> Required action: Print exactly the lines below between the line containing "Powerful Japanese dragon, with" and the line containing "SC license plate ZSW636", counting both of those lines. Leave pictures out.

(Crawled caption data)
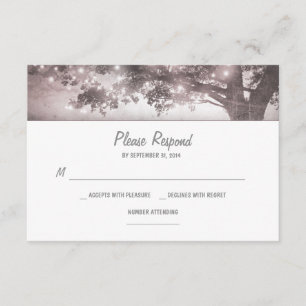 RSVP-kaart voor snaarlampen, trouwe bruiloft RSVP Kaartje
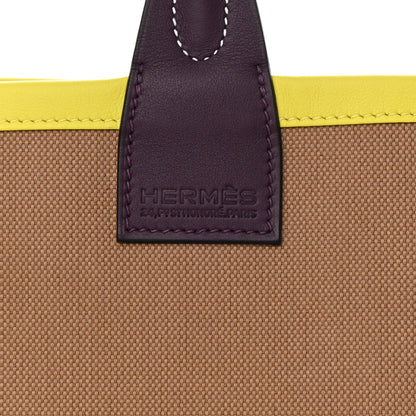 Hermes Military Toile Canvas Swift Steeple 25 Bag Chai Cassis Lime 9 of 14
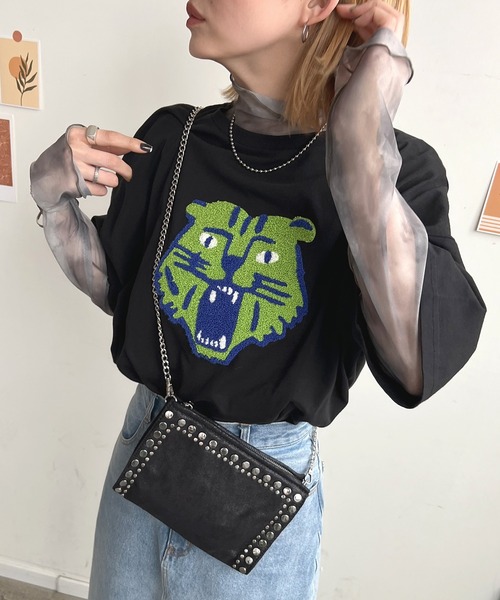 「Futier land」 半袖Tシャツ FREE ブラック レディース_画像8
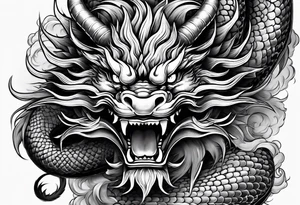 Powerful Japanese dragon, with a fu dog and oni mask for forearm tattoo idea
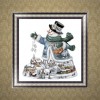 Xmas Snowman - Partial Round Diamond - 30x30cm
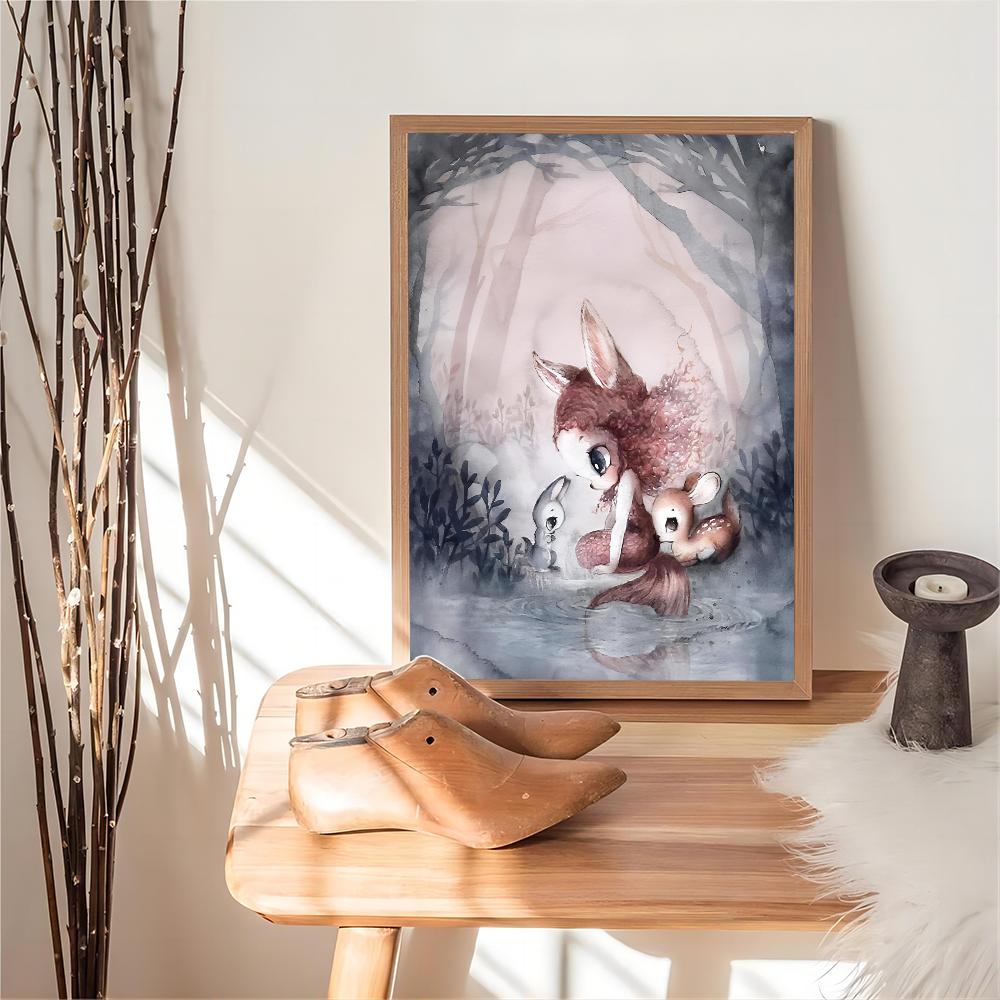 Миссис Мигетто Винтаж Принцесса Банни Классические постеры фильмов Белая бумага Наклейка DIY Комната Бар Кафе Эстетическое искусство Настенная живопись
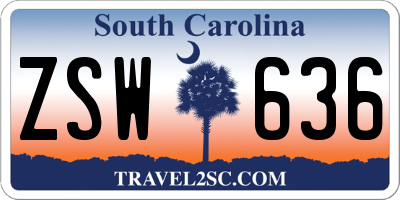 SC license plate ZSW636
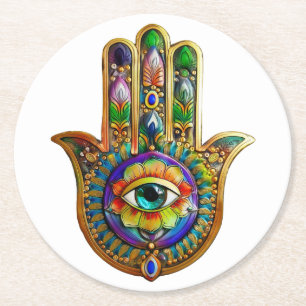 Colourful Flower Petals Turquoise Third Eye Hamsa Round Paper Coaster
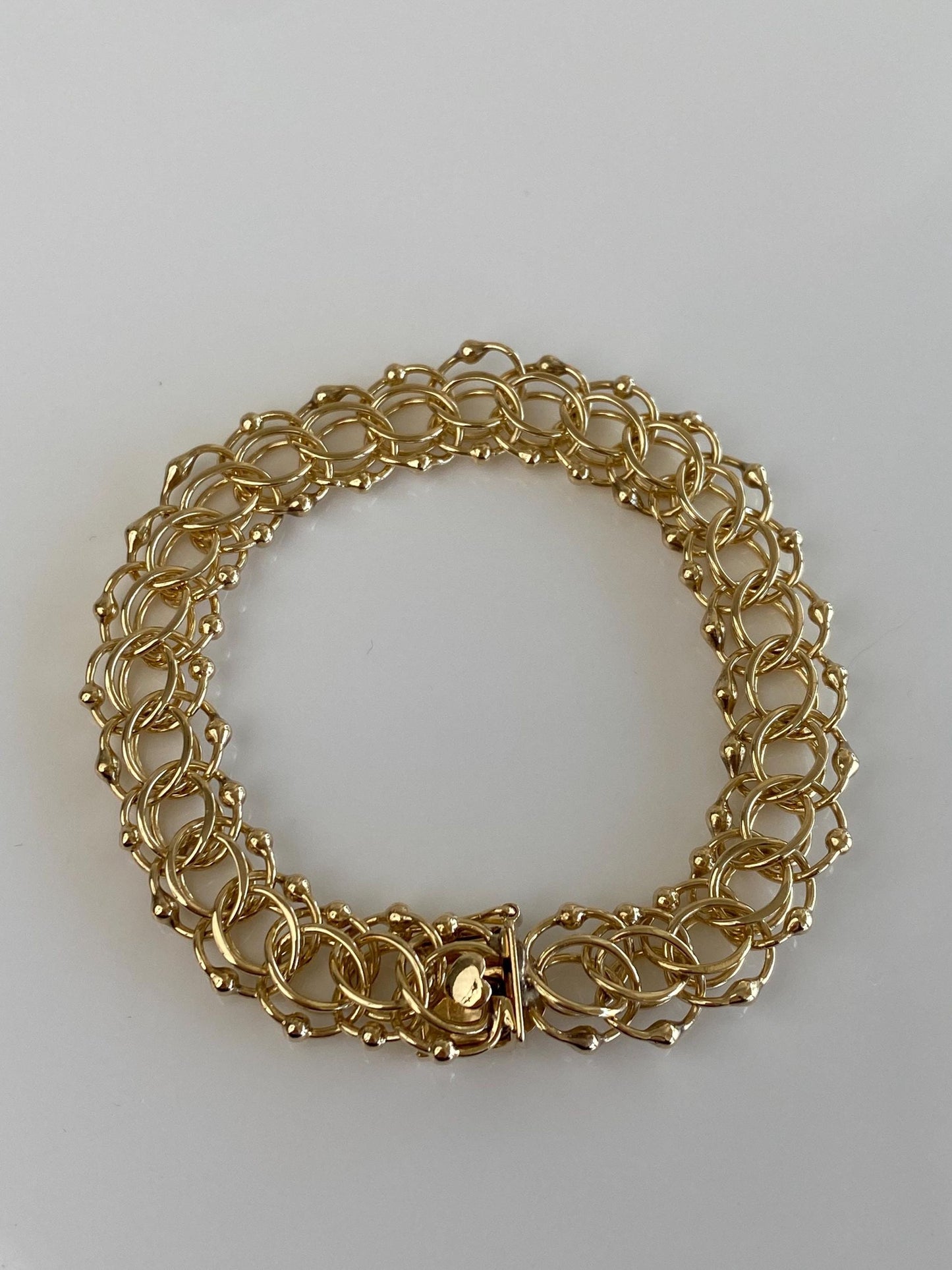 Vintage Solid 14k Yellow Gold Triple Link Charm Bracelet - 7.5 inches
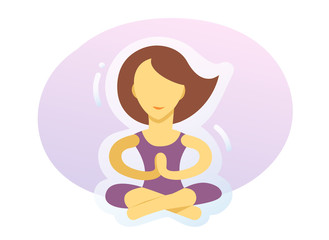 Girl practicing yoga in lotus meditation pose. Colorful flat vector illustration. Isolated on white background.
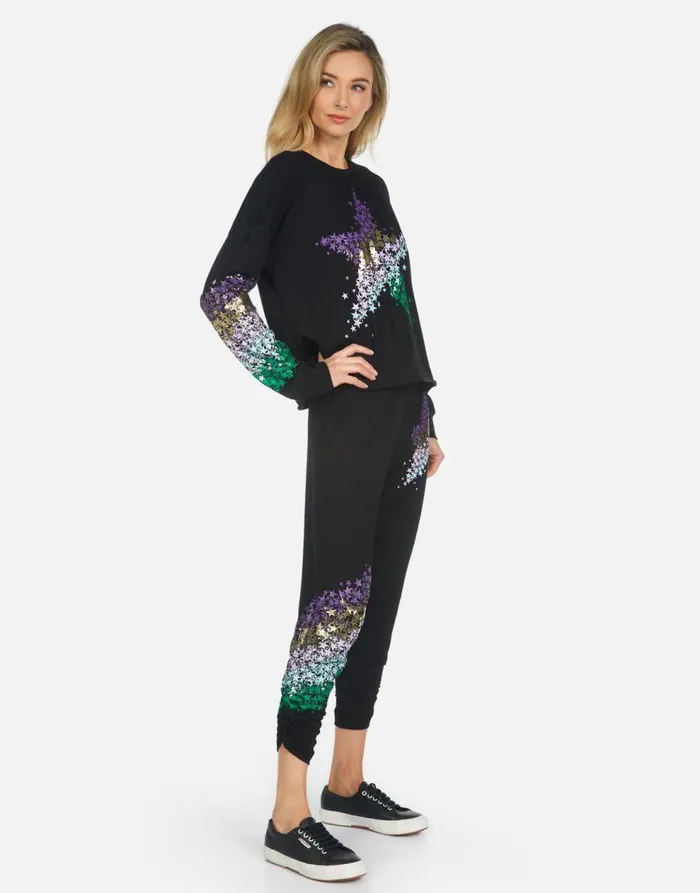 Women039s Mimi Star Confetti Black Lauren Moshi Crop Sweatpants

> Exercise output:
 Powerful Japanese dragon, with a fu dog and oni mask for forearm tattoo idea
 Xmas Snowman - Partial Round Diamond - 30x30cm
 Миссис Мигетто Винтаж Принцесса Банни Классические постеры фильмов Белая бумага Наклейка DIY Комната Бар Кафе Эстетическое искусство Настенная живопись
 SC license plate ZSW636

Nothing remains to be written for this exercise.